Experimental Section

Full experimental data and synthesis procedures can be found in the Supporting Information. All reagents and chemicals were of analytical grade and used without further purification. All reagents and chemicals were supplied by Sigma–Aldrich Chemical Company and solvents were supplied by Merck Chemicals. Single-crystal X-ray diffraction data were collected at 100 K by using a Bruker D8 Venture diffractometer equipped with a multilayer monochromator, a MoKα INCOATEC microfocus sealed tube (λ=0.71073 Å), and a CMOS Photon Detector. CCDC 1406885 (TBA-FeMo,), 1406886 (TBA-MnMo), 1406887 (TBA-FeMo), and 1406888 (TBA-MnMo) contain the supplementary crystallographic data for this paper. These data are provided free of charge by The Cambridge Crystallographic Data Centre.

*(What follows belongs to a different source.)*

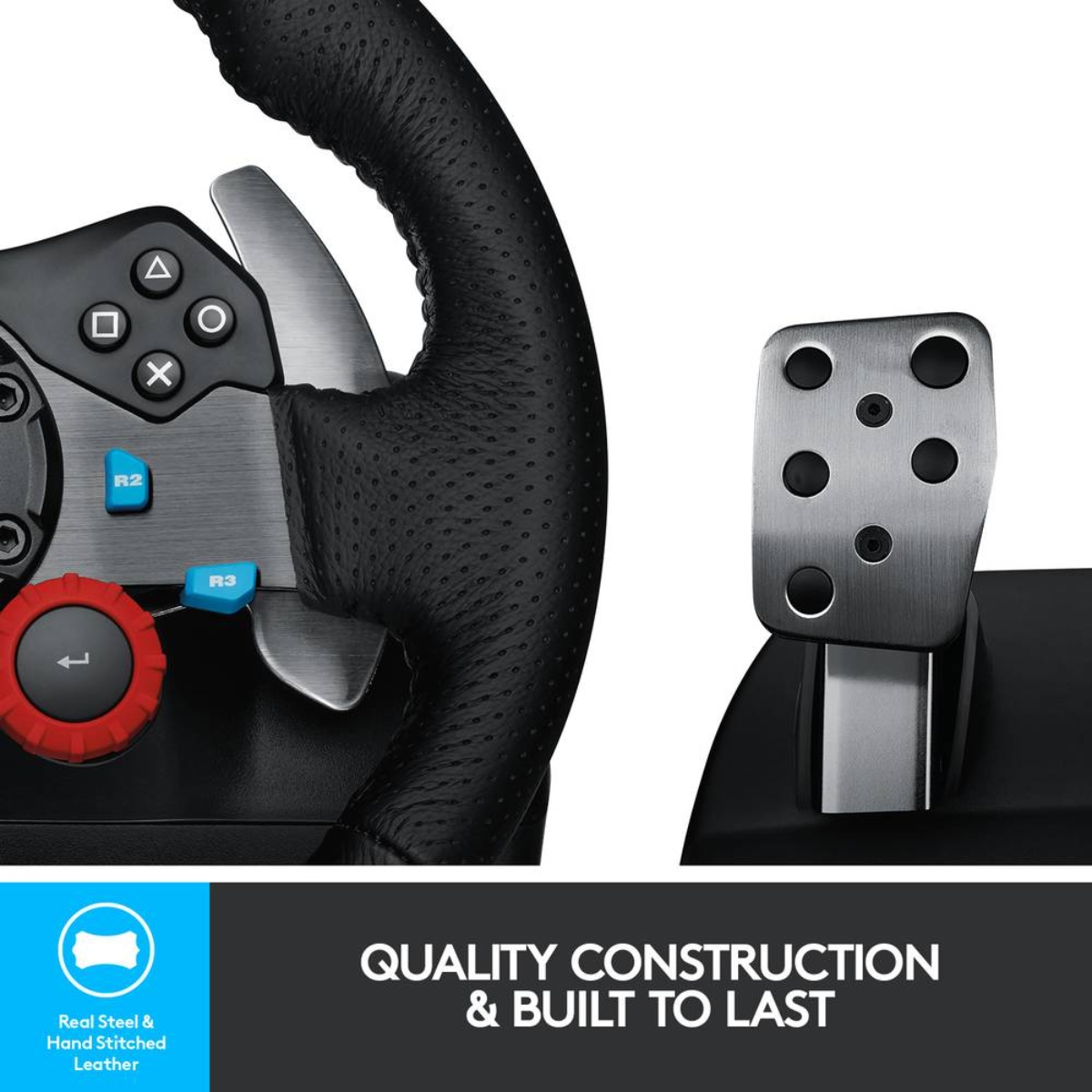 Logitech G29 Driving Force Steering Wheel with Pedals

Synthesis of TBA-FeMo6-bzn, (TBA)3[FeMo6O18{(OCH2)3CNHCOC6H5}2]⋅3.5 ACN

The synthesis was carried out according to a published procedure.36 Tetrabutylammonium octamolybdate was dissolved in acetonitrile and heated at reflux with Fe(acac)3 and the ligand (HOCH2)3CNHCOC6H5 for 18 h. After cooling to RT, the red mixture was centrifuged to remove the precipitate and give a dark red solution. Crystals suitable for X-ray crystallographic analysis were obtained through ether diffusion after a few days. FTIR: $\tilde \nu $=2960 (v CH3, s), 2934 (v CH3, s), 2873 (v CH3, s), 1674 (v C=O, s), 1599 (v Ar, w) 1578 (v Ar, w), 1517 (v Ar, m), 1482 (δ CH2, s), 1380 (δ CH3, m), 1319 (m), 1268 (m), 1102 (m), 1031 (v C–O, m), 939 (s), 918 (s), 902 (v Mo=O, s), 808 (w), 647 (v Mo-O-Mo, s), 559 (m) 406 cm−1 (m). Elemental analysis calcd (%) for FeMo6O26C70H132N5 (2091.3 g mol−1): C 40.20, H 6.31, O 19.41, N 3.26, Fe 2.67, Mo 28.01; found: C 40.19, H 6.28, O 19.38, N 3.24, Fe 2.61, Mo 27.94.

Synthetic procedures for TBA-FeMo, TBA-FeMo, TBA-MnMo, TBA-MnMo, Na-FeMo, Na-FeMo, Na-MnMo, Na-MnMo, bzn, and cin, and the full experimental information are given in the Supporting Information.